Kings County groundwater agency approves budget based on hypothetical revenue

A Kings County groundwater agency recently approved a $2.1 million budget – the minimum it will need to adhere to state regulations – based on a future assessment election that even its own manager doesn’t think will pass.

The South Fork Kings Groundwater Sustainability Agency (GSA) approved the plan on June 18. It hinges on the county continuing an agreement to loan the GSA money as an advance on existing land assessment fees that are set to expire in 2028.

A Proposition 218 election to set new land assessment fees, which has yet to be scheduled, is expected to fail, according to South Fork General Manager Johnny Gailey. Meanwhile, growers may be asked to voluntarily pay a pumping fee as part of an “innovative revenue stream” being considered.

All of which makes the recently approved budget hypothetical at best.

Gailey said he believes landowners will reject any proposal to increase fees because they don’t feel represented on the board. He referred to a long-running, as yet unsuccessful, effort to add two seats to the five-director board to represent northern parts of the GSA.

“I believe that if we do a Prop. 218 before we have two more board seats up here, we’re going to be throwing that money away,” Gailey told the board at the June 18 meeting, referring to the cost of holding a Proposition 218 election.

At the request of growers, South Fork began the process of adding two seats to the board last year. South Fork is made up of five different agencies, each of which must approve the amendment.

But one agency, the Empire Westside Irrigation District, keeps tabling the issue , according to Gailey.

Being able to fund programs is crucial as the Tulare Lake subbasin, which covers most of Kings County, is finally uniting in an attempt to write a new cohesive groundwater plan that will lift the region out of probation. The Water Resources Control Board placed the subbasin on probation in 2024 for lacking an adequate plan that would protect domestic wells and stop subsidence, among other things.

Under probation, farmers are required to meter their wells, register them at $300 each, report extractions and pay $20 per acre foot pumped. Reporting extractions began May 1, but fees have been held off pending an ongoing legal action .

As part of the new subbasin plan, South Fork will be expected to hire its own consultants to assess its water situation and implement programs such as repairing domestic wells harmed by excessive agricultural pumping.

Assuming funding comes through, South Fork’s budget includes:

“If we don’t get some sort of loan for well mitigation, I’m going to cut well mitigation, we’re just not going to do it,” Gailey told the board.

In order to have enough cash for those costs, Gailey said it would take an “innovative revenue stream” to even out the budget.
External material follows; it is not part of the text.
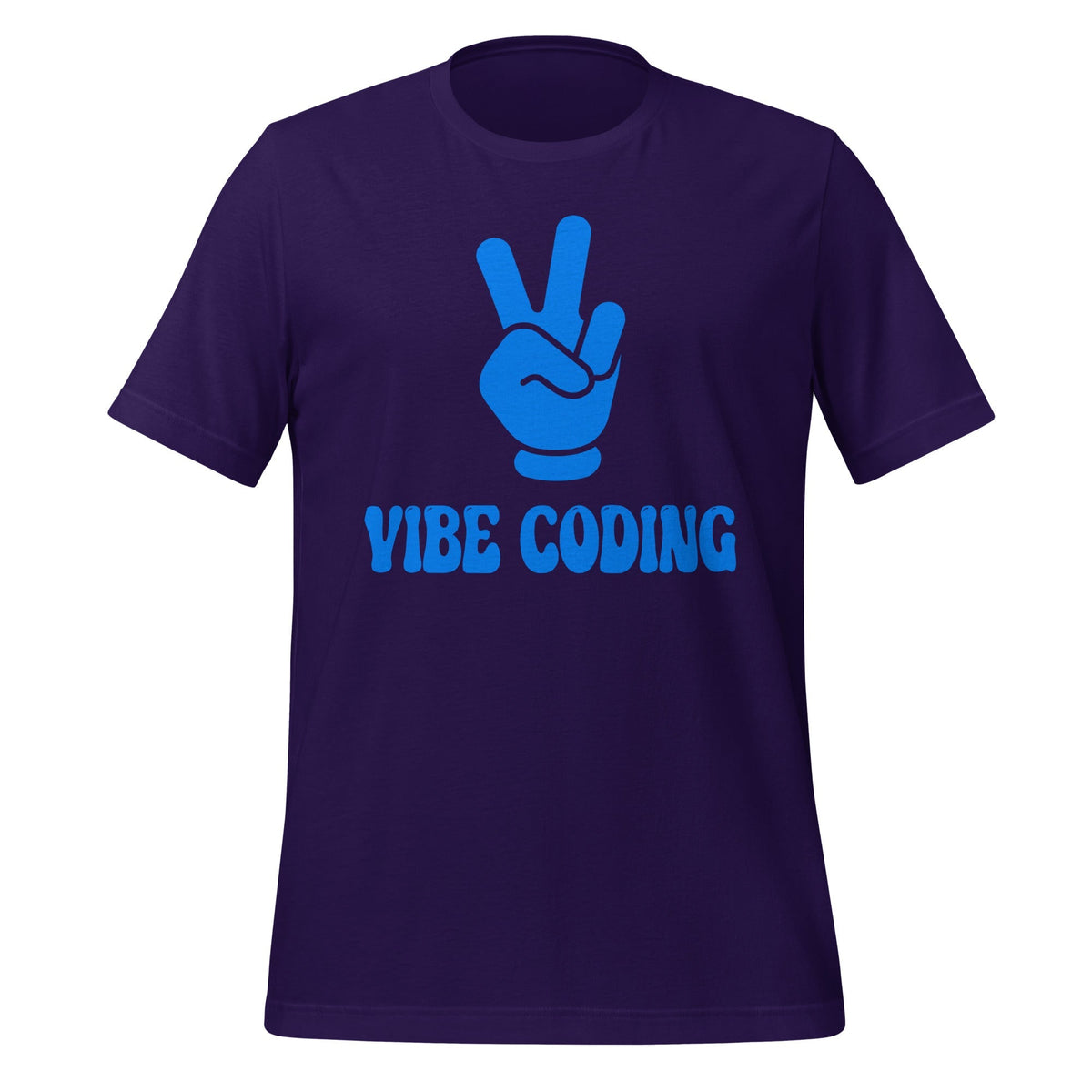 Product mockup photo of the VIBE CODING T Shirt (unisex) Team Purple / M.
The GSA could ask its pumpers to pay a voluntary $16 per-acre-foot fee for using “sustainable yield,” he said.

South Fork’s sustainable yield, or the amount that can be extracted without causing negative impacts, was set at . 86 acre feet per acre of land .

Board member Ceil Howe Jr. said that the additional bill would be a burden on growers.

“That’s still a lot of money; $1.7 million dollars coming out of the grower’s pockets but nothing on the other side coming back other than a partial water supply compared to what they had before,” Howe said.

Doug Freitas, who sits on the grower advisory committee, asked the board if charging farmers for pumping water was legal and questioned what water rights growers had if the GSA was charging for groundwater usage.

South Fork’s legal counsel Ken Richardson explained that the GSA has authority under the Sustainable Groundwater Management Act (SGMA) to charge a pumping fee.

“You have an usufructuary right,” Richardson explained. “You don’t own that water, the state owns the water of the state. You got a right to use it. They got a right to charge you for that use.”

Freitas was not happy with that response.

“I don’t even think we’ll get off probation to tell you the truth,” he said. “It seems like an awful lot of money to be burdened on just the growers.”